As I was getting ready for the day, sweatpants and another bottle of water, Joe barged into the bathroom with urgent news for me. Not wanting to be bothered, and thinking this news was not so "urgent", I yelled at him for coming into the bathroom unannounced.

"It's about your mother," he said in the next heartbeat. I dropped what I was doing and ran out of the bathroom to find Layla on the floor crying by the phone and Caspar comforting her. Shit. I ran over to her and I touched her lightly, but her violent sobs were no match for my light touch. She kept grasping for something- the phone maybe? I picked up the phone that was lying on the table.

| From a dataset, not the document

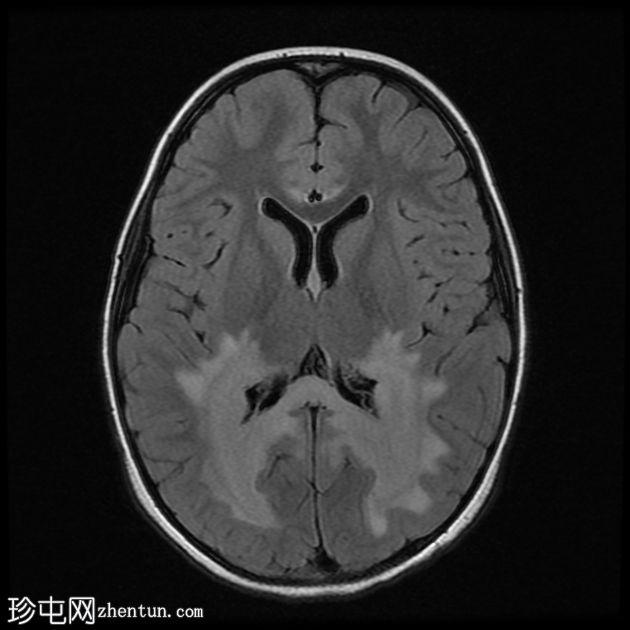 X连锁肾上腺脑白质营养不良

"Hello?" I asked into the receiver.

"Hello, is this Marilyn daughter of Cordelia and Heath Stewart?" the man asked. I was taken aback because nobody addressed my parents by their full names. My mothers nickname was Cord. which was just easy to say and remember, and everyone called my dad "Dad".

"This is she," I said nervously into the phone. My sister continued sobbing tremendously and Caspar was still leaning over her weak body telling her to quiet down.

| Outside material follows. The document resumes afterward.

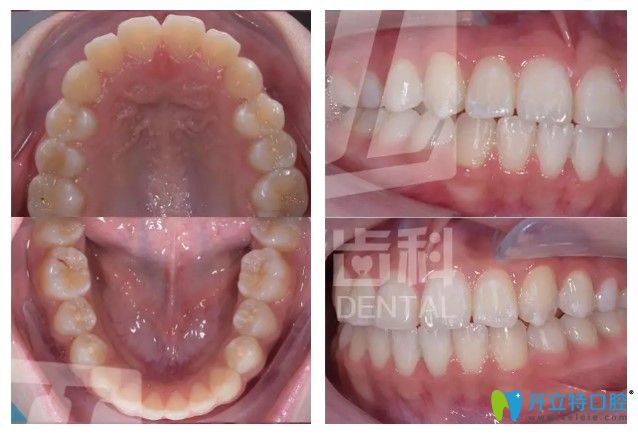 摘掉隱適美牙套后的照片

"Hello, this is Edward Fry from the Child Protective Services," he said. I immediately thought somebody must have called them because I was not home, or neither was Layla, but she obviously approved of it before sending Layla here... So what was the big deal? "I am afraid to inform you that your mother, Cordelia Stewart, has passed away this morning."

What.

No.

No no no no no. This cannot be possible. This cannot be happening right now. I need her.

Mom.

"No," I said into the phone. I brought my hand up to my eyes and brushed the tears away as I said this.

"I am terribly sorry, this is definitely not news worth sharing over the phone, but I see that you moved to England. Now I would like to discuss matters about your sister Layla..." what a sick bastard. Telling me one minute that my mother died while knowing that my father passed also, but well enough to do business. I took a deep breath knowing that at any minute I could snap on this guy.

"What about?" I asked nervously again. Since I knew where he was employed and knowing now that both of my parents have died, I know exactly where he was getting at.